OMCs, which are tasked with importing and distributing fuel while maintaining stocks to ensure uninterrupted supply, had imported diesel when the price stood at Rs520 per litre. Those purchases, officials said, were financed through bank borrowing. They argued that there is no mechanism in place to cushion such losses. According to them, when prices increase, gains come under scrutiny, but when prices fall, the losses are absorbed by the industry itself, reflecting what they described as a wider policy gap.

They said much of the trade operates through post-dated cheques. Dealers receive fuel on credit and commit to future payments, while OMCs rely on those payments to repay banks and finance further imports. With diesel bought at Rs520 now being sold at Rs385, officials said the value reflected in those cheques no longer matches market conditions, and defaults and payment delays have already started to appear.

Industry representatives said this kind of pressure weakens the system gradually by undermining confidence. Once trust erodes, they said, liquidity comes under strain, and supply chains can then begin to feel the impact.

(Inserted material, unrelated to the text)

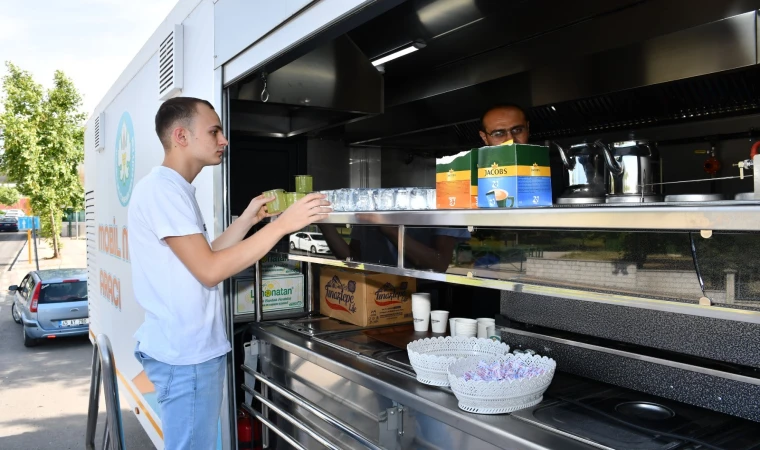 Manisa Büyükşehir Belediyesi'nden öğrencilere sınav öncesi destek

Pricing mechanism under scrutiny

The industry also raised concerns about the way fuel prices are calculated in Pakistan. Officials said the pricing mechanism is based on selecting the lowest international benchmark during a given period, while OMCs in practice procure fuel at prevailing average prices shaped by contracts and logistics. They said this creates a recurring gap between assumed and actual costs, with losses becoming larger during periods of volatility.

They further said the fixed premium allowed for imports no longer reflects market conditions. At a time when global premiums had climbed to around $30 per barrel, the formula continued to recognise just over $5, according to the officials. They described this mismatch as more than a technical issue, saying it showed that the framework had failed to keep pace with developments in global markets.

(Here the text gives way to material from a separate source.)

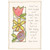 What We Once Enjoyed : Helen Keller Quote Sympathy Card: What we once enjoyed and deeply loved we can never lose, for all that we love deeply becomes a part of us - Helen Keller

Industry officials also pointed to parallels with the power sector, where they said relatively small gaps between cost and recovery eventually developed into the circular debt crisis. They said similar warning signs were now visible in the oil sector, including unrecognised costs, absorbed losses and risks building up within the system.

They warned that any disruption in fuel supply would have immediate and visible consequences, affecting transport, food prices and industry.

Officials said that without reforms, the immediate relief from lower diesel prices could eventually give way to a broader crisis for the sector.